━━ Excerpted records
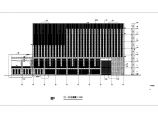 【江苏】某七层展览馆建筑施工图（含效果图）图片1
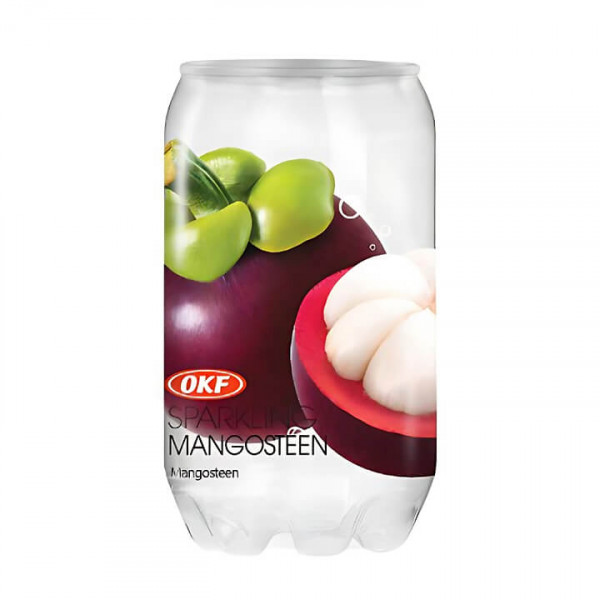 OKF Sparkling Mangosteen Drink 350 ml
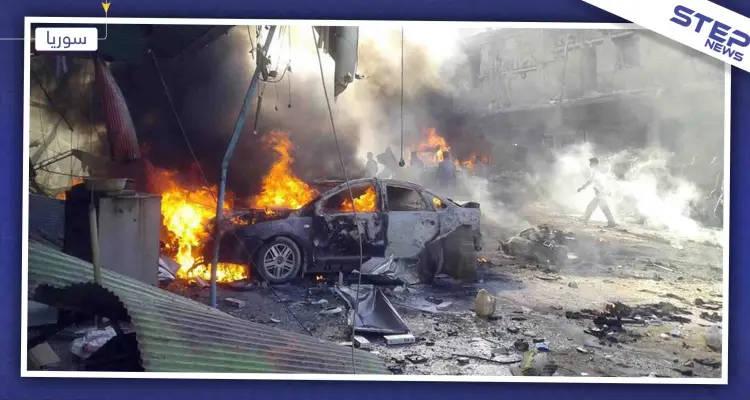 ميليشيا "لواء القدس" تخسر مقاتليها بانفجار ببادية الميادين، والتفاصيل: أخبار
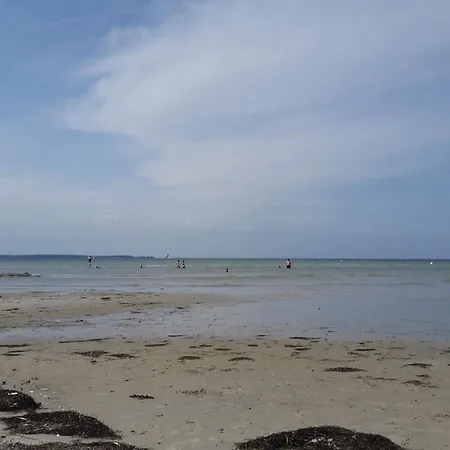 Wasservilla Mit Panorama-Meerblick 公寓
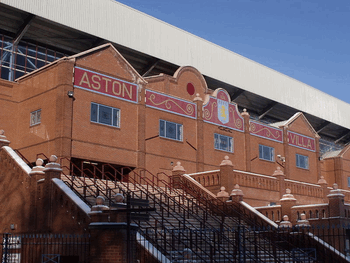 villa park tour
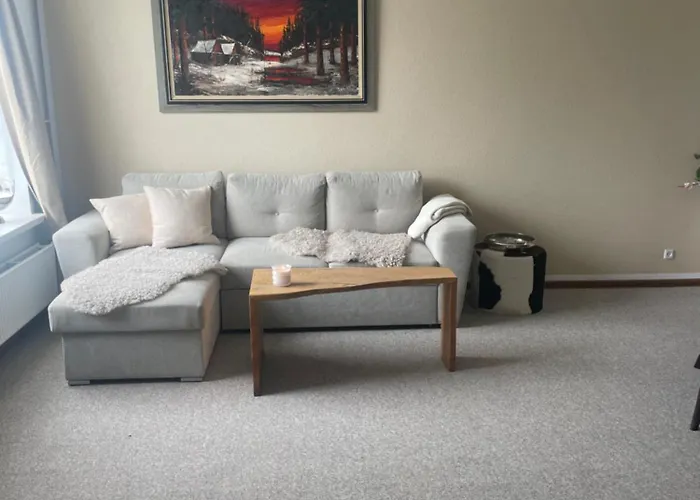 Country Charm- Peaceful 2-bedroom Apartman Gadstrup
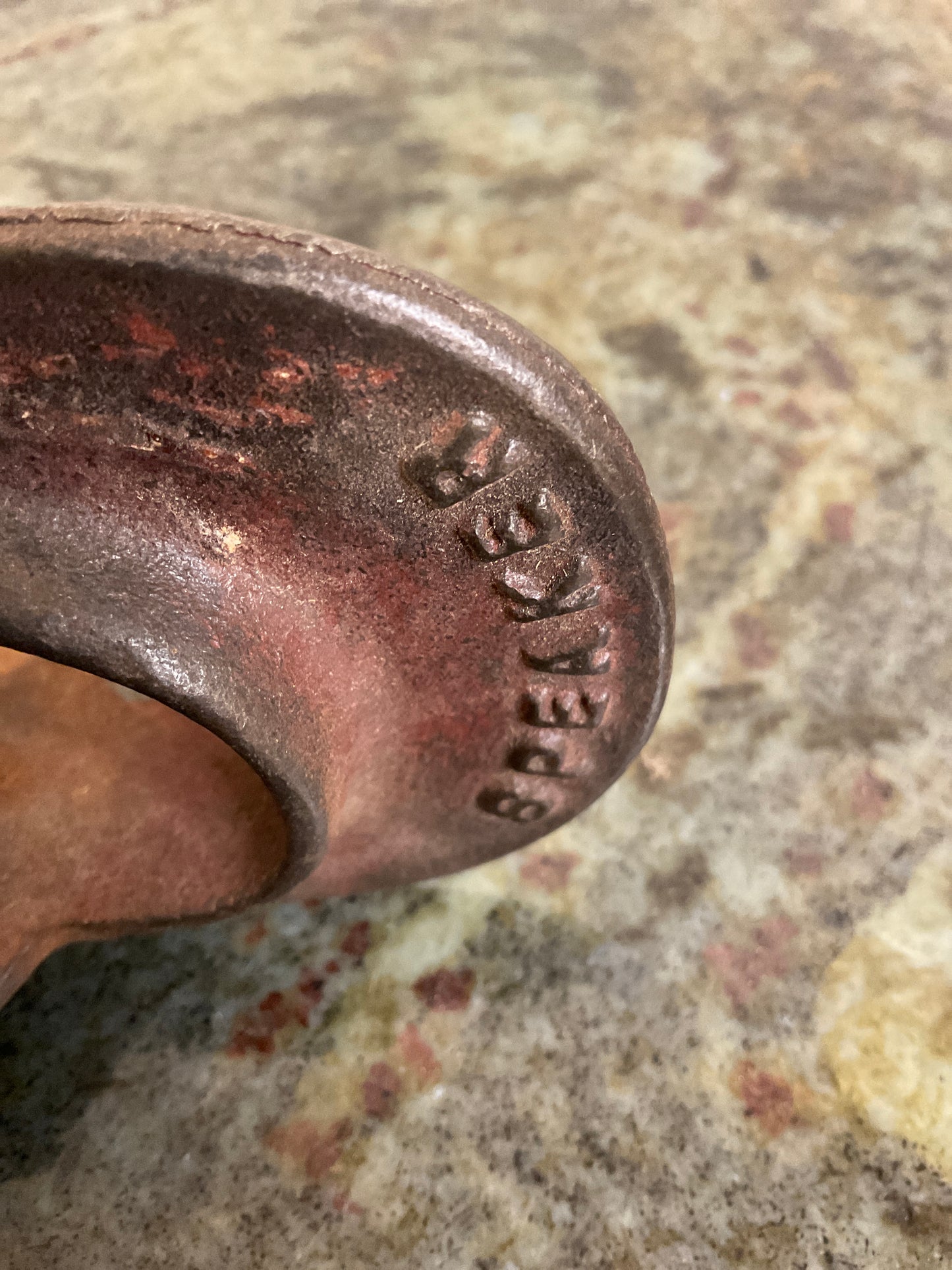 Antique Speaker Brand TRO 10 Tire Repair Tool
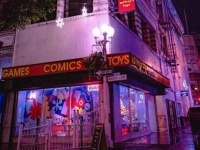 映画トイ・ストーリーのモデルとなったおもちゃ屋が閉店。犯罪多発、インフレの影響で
━━━━
**Exercise aim**
In the data above, find the line containing "Country Charm- Peaceful"; from there, please write out each line through the end, exactly, with the pictures omitted.

**Output of the task**
 Country Charm- Peaceful 2-bedroom Apartman Gadstrup
 Antique Speaker Brand TRO 10 Tire Repair Tool
 映画トイ・ストーリーのモデルとなったおもちゃ屋が閉店。犯罪多発、インフレの影響で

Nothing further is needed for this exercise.